Thanks for the feedback and support.
My S is doing very well. I've been blessed with two wonderful children. He sleeps well and gives me 5 to 6 hours between feeds at night. In fact I'm getting more sleep now that I was in the weeks before his birth (after the bomb dropped). He is my angel and both my S & D are my daily inspiration to keep going. I want to give them the family they deserve and I want them to have their father healthy and well.

This sounds weird, but it feels so good to hear other people say how messed he must be. I some how find it comforting to know that this is happening because he is messed up...that makes more sense than it's just happening because he doesn't love me anymore.

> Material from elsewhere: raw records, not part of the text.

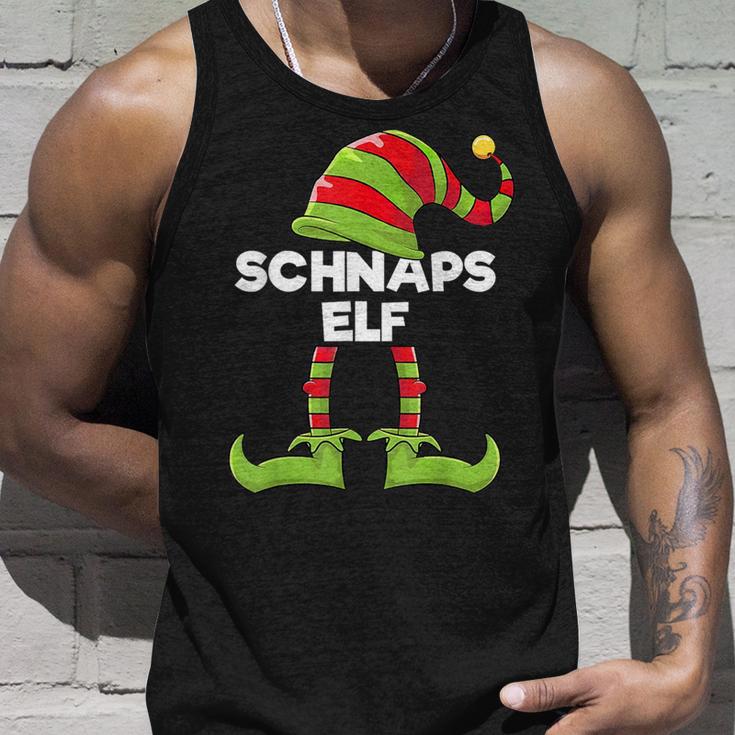 Schnapps Elf Outfit Christmas Family Elf Christmas Tank Top Geschenke für Ihn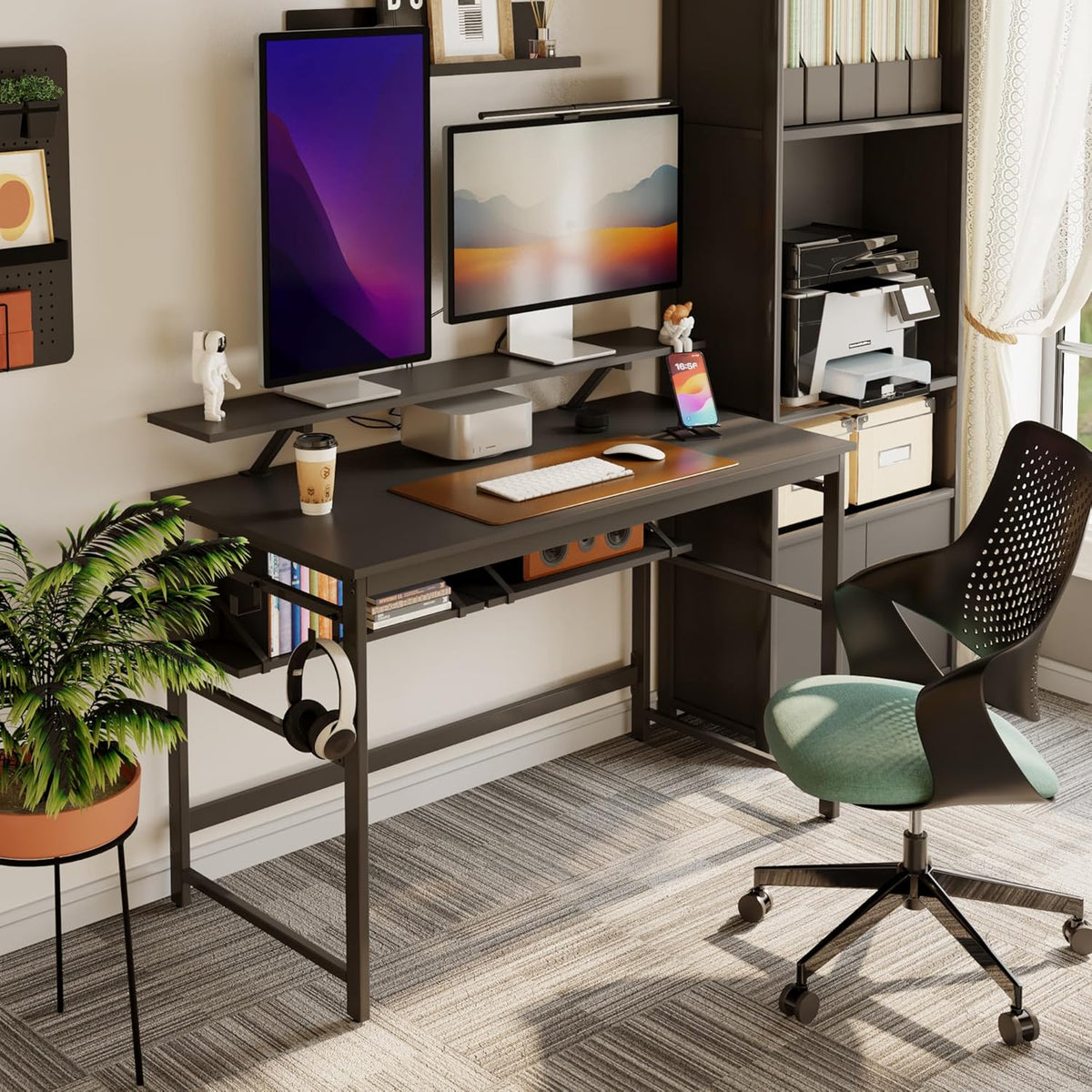 Mondeer Computerbureau, werkstation schrijfbureau met 2 verstelbare opbergplanken en grote monitorstandaard, ruimtebesparend voor thuiskantoor studio, 120 x 60 x 90 cm, zwart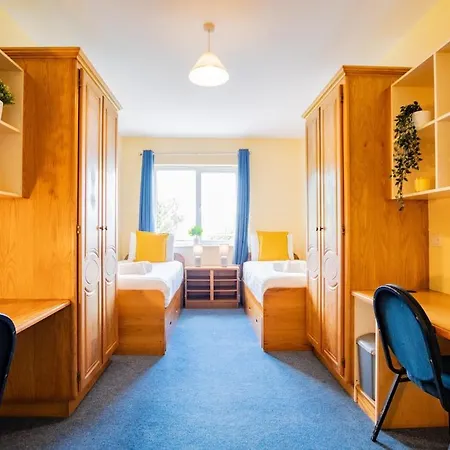 Spacious & Affordable 3 Bed *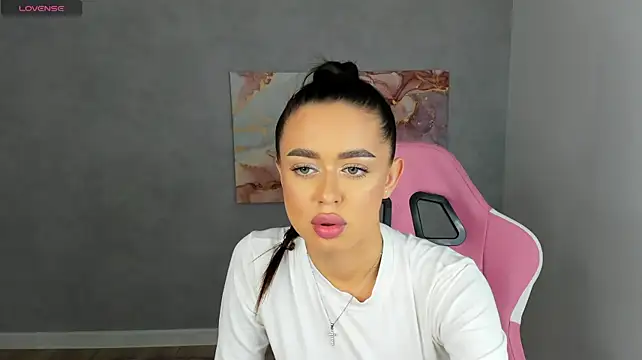 NicoleRossss' Live XXX Chat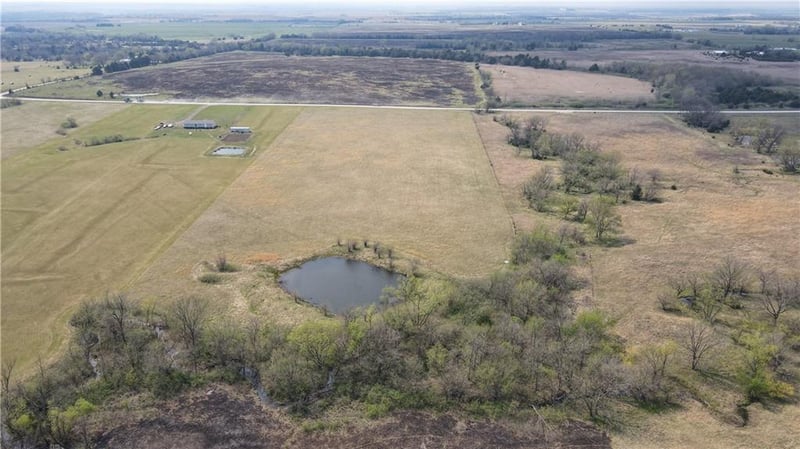 919 Juneberry Rd, Burlington, KS 66839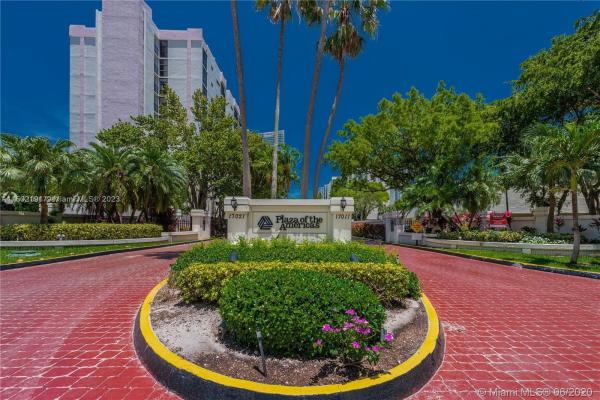 Plaza Of The Americas, 16909 N Bay Rd #305, Sunny Isles Beach, Florida 33160, image 3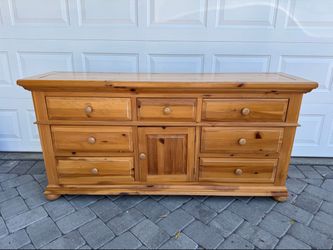Broyhill Wooden Dresser with Mirror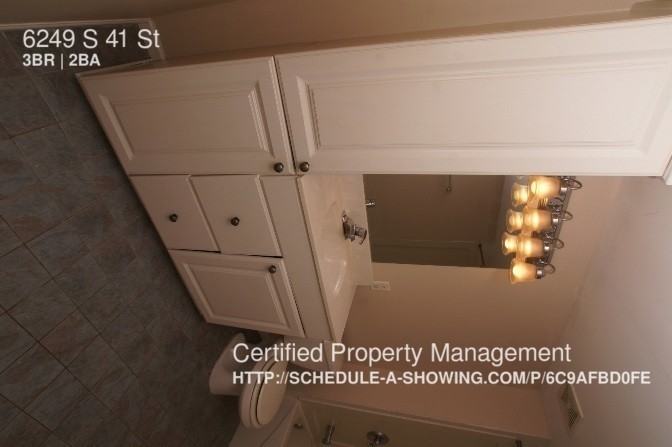 6249 S 41st St - Photo 3 of 17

That's why I'm so grateful for this forum. Seeing how scripted his behavours have been up until now and seeing the direction it is going helps me to keep faith that he/we will eventually push through it. I find myself (as I see many others doing) trying to figure out the timelines and I know that is not possible. Does anybody know much about Replay and the progression to the awakening? Does the awakening require triggers as the initial crisis does? If so, what would some of those be?

I thought the birth of his son would trigger something, but he's in fact gotten worse. He just seems so taken by the OW, I believe that she is pulling his strings and he believes he is so in love with her he's going to go along w/ whatever she says.

He was somewhat civil this morning when he picked up D for school. Didn't project the crazy anger he has been. It's amazing that is my positive for the day..."he was somewhat civil"!
I caught him this morning while holding our S staring off in space...I wish I could have read his mind. I want to believe that at least sometimes he's questioning himself.
Time and patience...that's what it needs.